__Captioned web images__:
═══

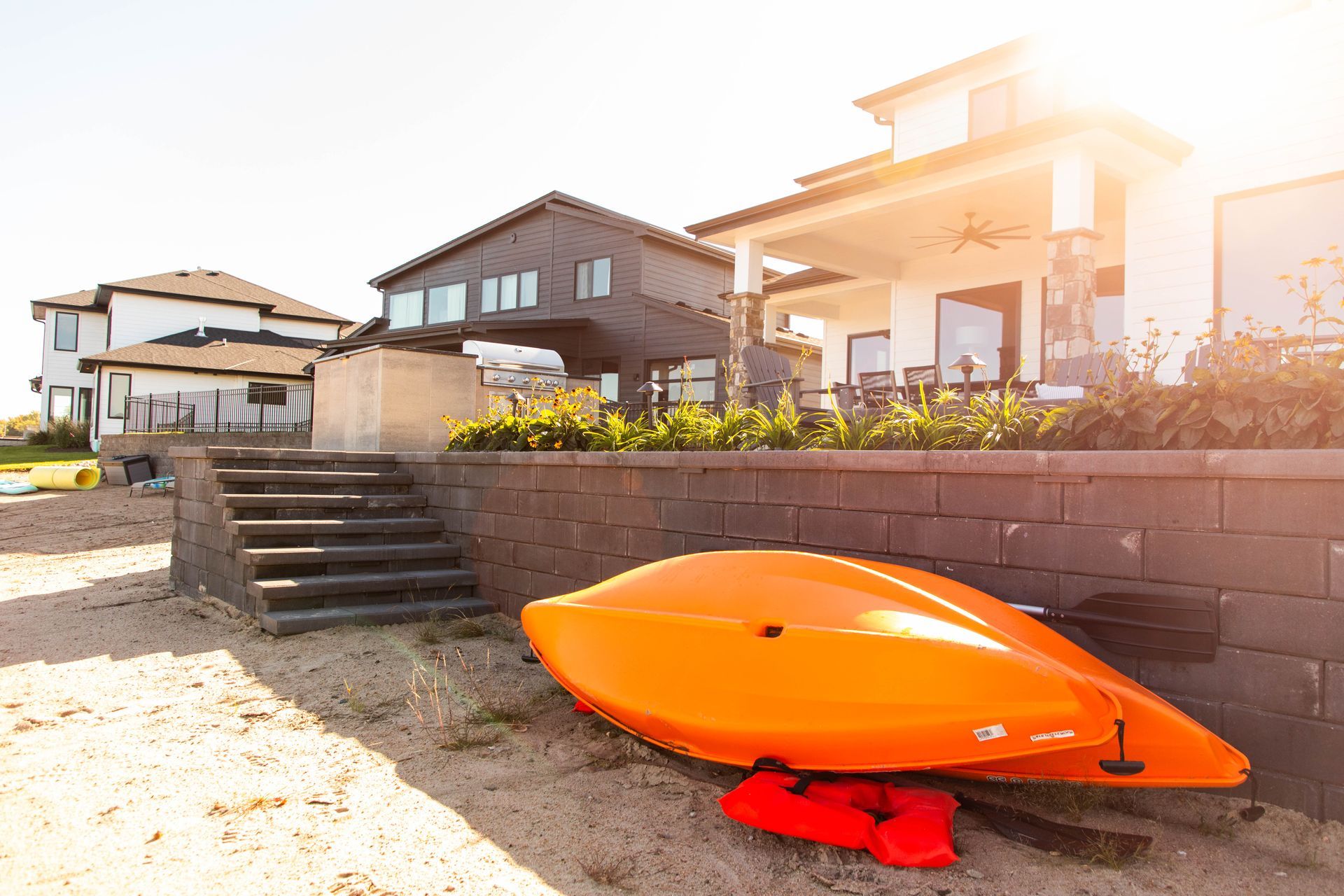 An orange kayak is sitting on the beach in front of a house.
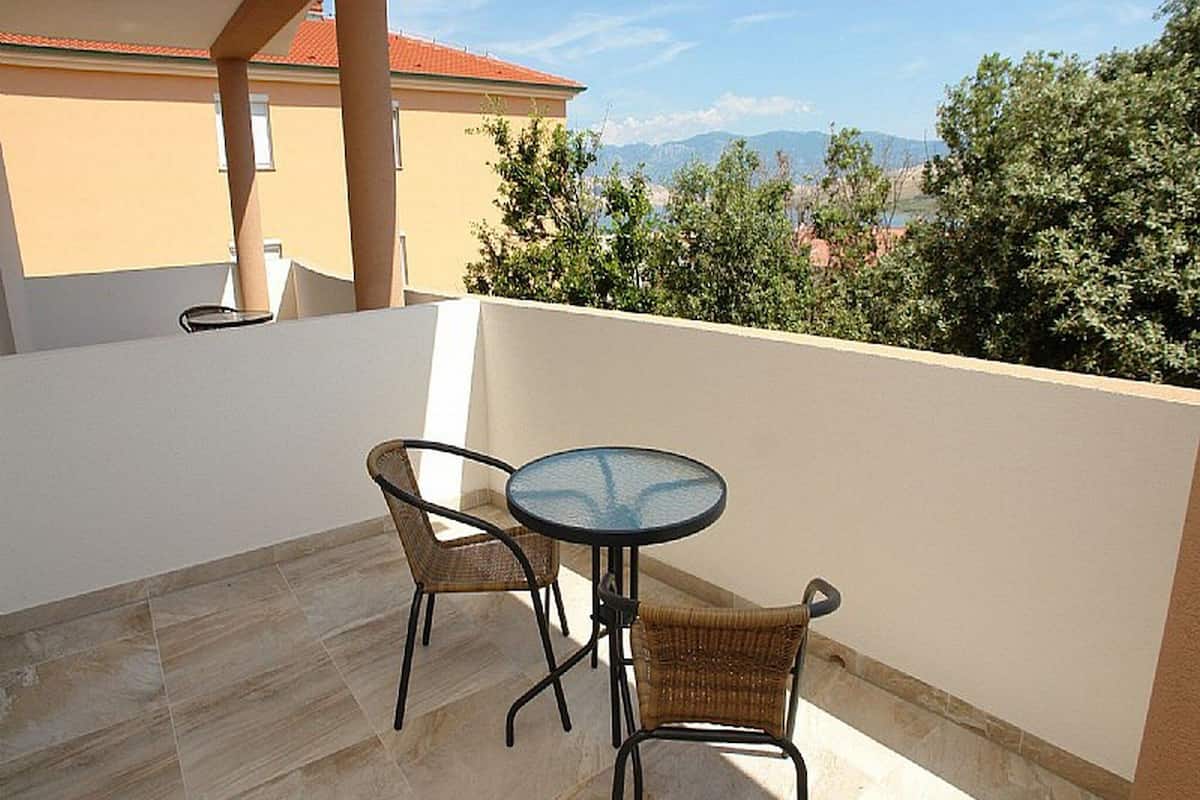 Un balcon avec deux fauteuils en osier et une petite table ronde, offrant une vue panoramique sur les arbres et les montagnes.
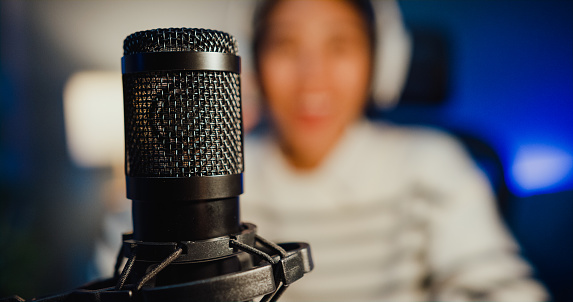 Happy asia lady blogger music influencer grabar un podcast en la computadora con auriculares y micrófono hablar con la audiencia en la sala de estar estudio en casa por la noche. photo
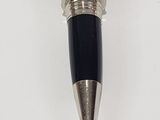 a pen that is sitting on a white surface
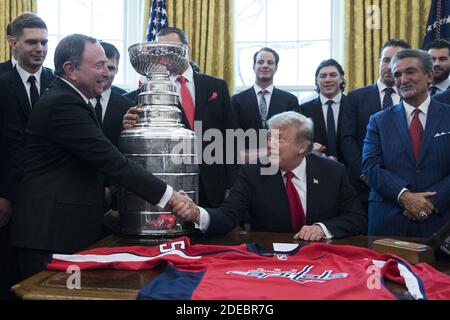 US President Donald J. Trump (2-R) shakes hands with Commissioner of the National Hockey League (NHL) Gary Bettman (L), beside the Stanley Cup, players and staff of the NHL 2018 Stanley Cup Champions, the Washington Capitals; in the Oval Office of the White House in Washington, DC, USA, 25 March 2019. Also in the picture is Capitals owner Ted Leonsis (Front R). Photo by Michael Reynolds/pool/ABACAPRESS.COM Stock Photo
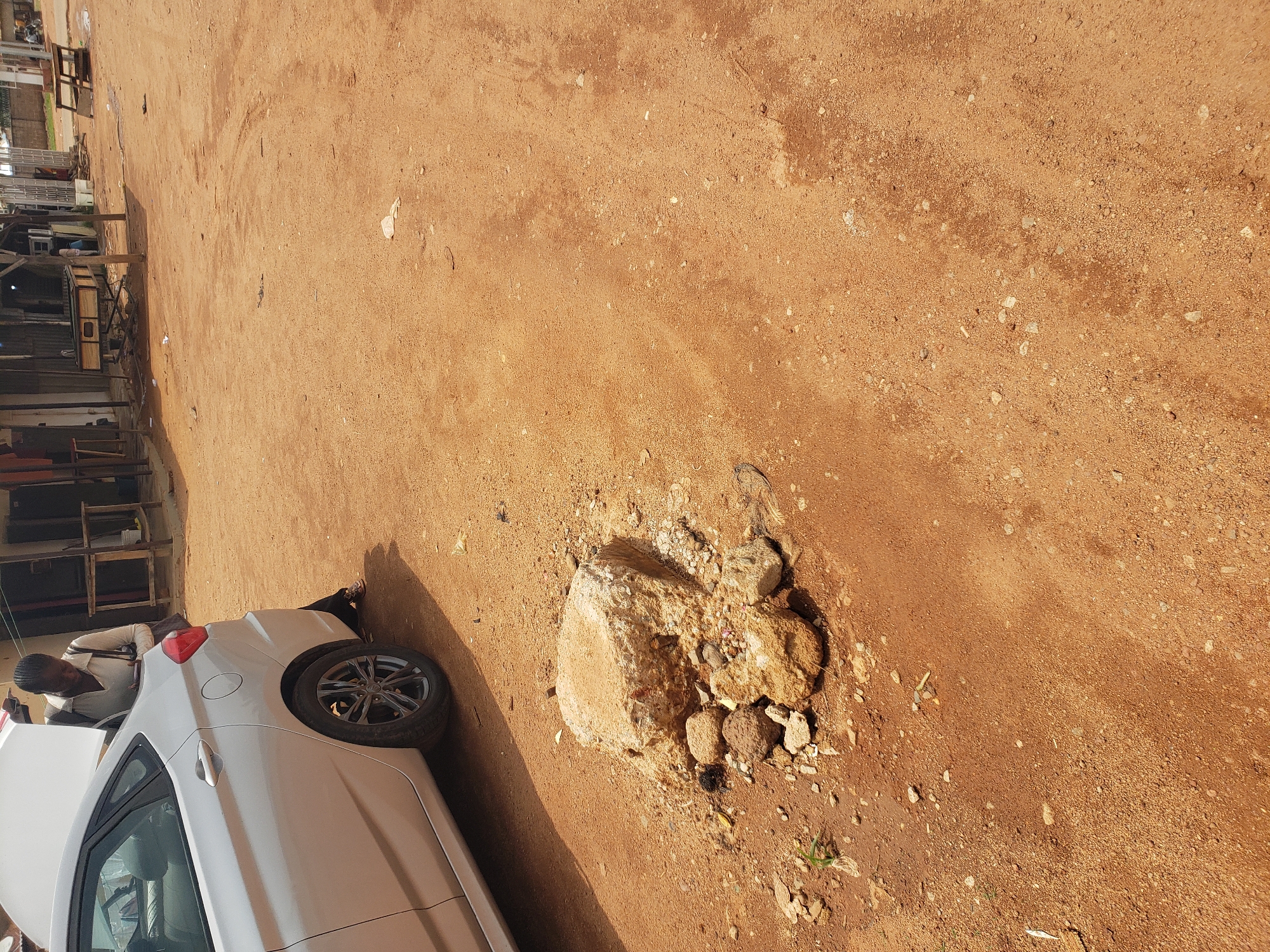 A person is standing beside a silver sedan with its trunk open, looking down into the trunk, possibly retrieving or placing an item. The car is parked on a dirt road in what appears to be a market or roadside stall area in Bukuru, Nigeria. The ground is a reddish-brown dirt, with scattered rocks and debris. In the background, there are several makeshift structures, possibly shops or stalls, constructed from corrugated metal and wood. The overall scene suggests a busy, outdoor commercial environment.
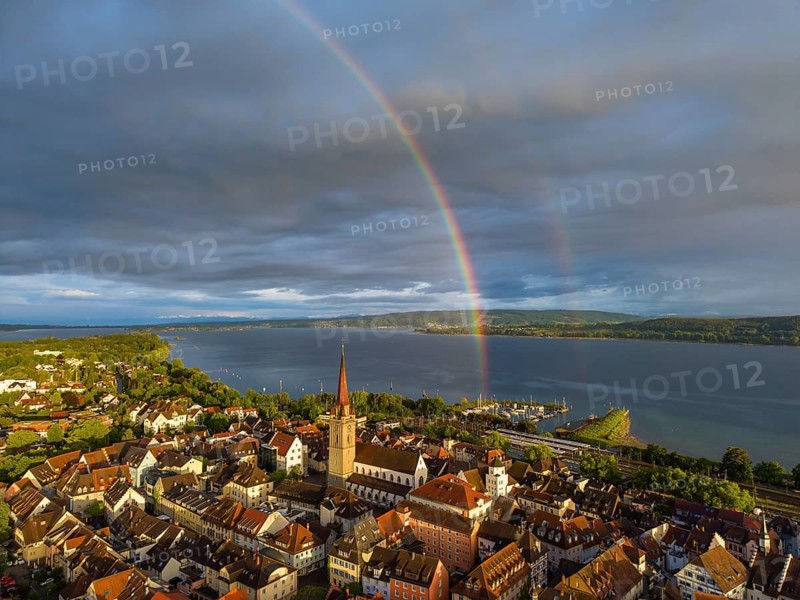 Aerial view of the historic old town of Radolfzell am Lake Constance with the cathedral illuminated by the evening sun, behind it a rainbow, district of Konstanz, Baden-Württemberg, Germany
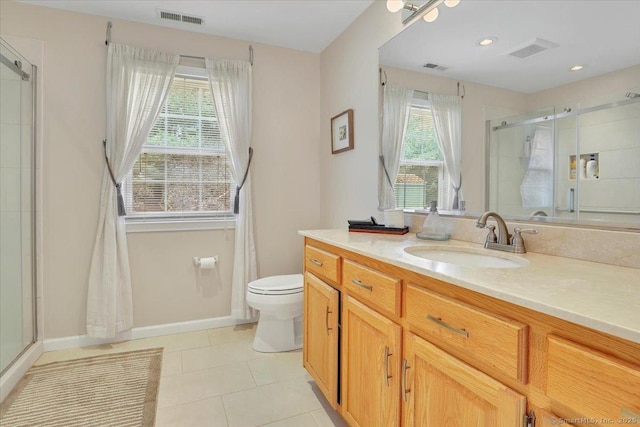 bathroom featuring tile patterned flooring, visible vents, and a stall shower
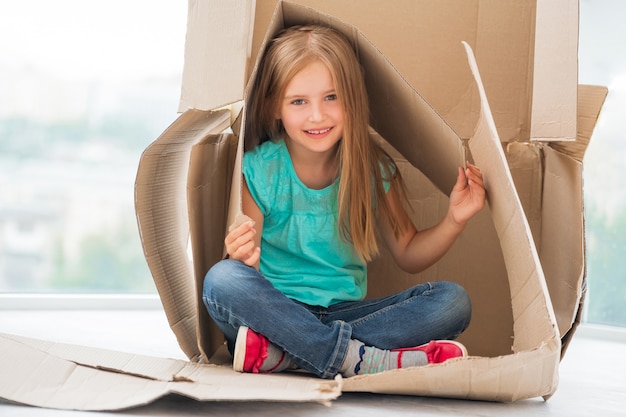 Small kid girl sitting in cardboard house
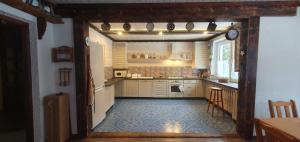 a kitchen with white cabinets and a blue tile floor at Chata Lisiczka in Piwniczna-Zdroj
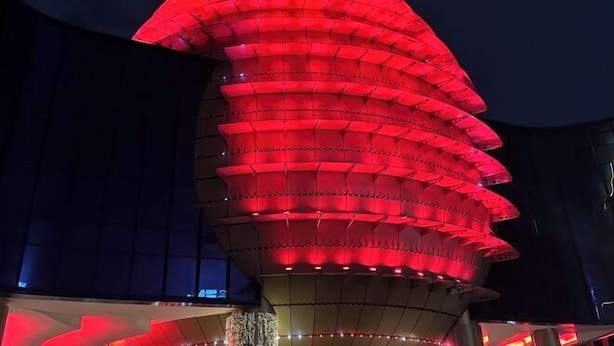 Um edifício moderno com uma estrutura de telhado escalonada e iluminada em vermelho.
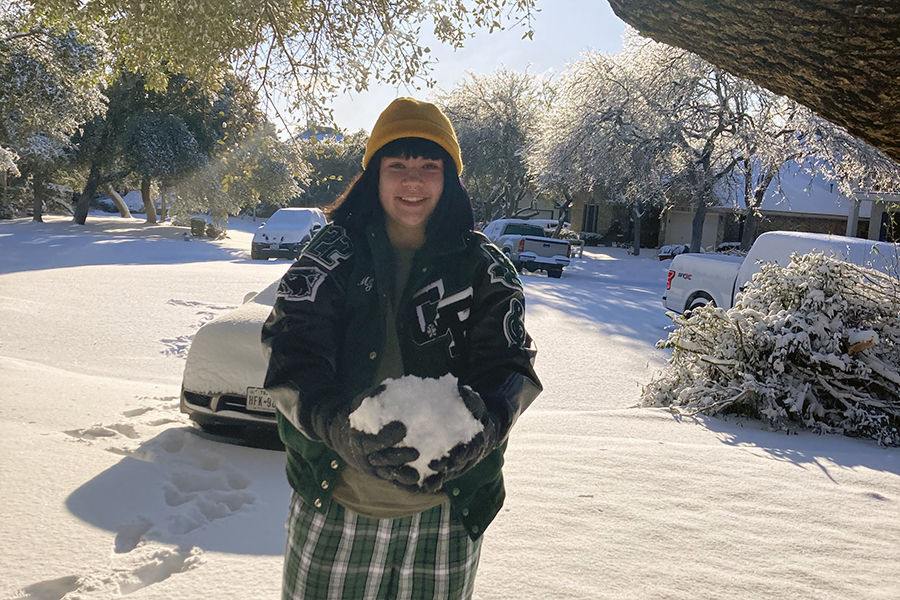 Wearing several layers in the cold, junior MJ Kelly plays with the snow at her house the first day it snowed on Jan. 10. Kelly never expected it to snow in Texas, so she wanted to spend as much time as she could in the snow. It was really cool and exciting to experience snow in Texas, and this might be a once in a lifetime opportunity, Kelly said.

═══

Pictures do not belong in the copy. Repeat only the lines from the top of the records through the line containing "Un balcon avec".

__Written reply__:
 An orange kayak is sitting on the beach in front of a house.
 Un balcon avec deux fauteuils en osier et une petite table ronde, offrant une vue panoramique sur les arbres et les montagnes.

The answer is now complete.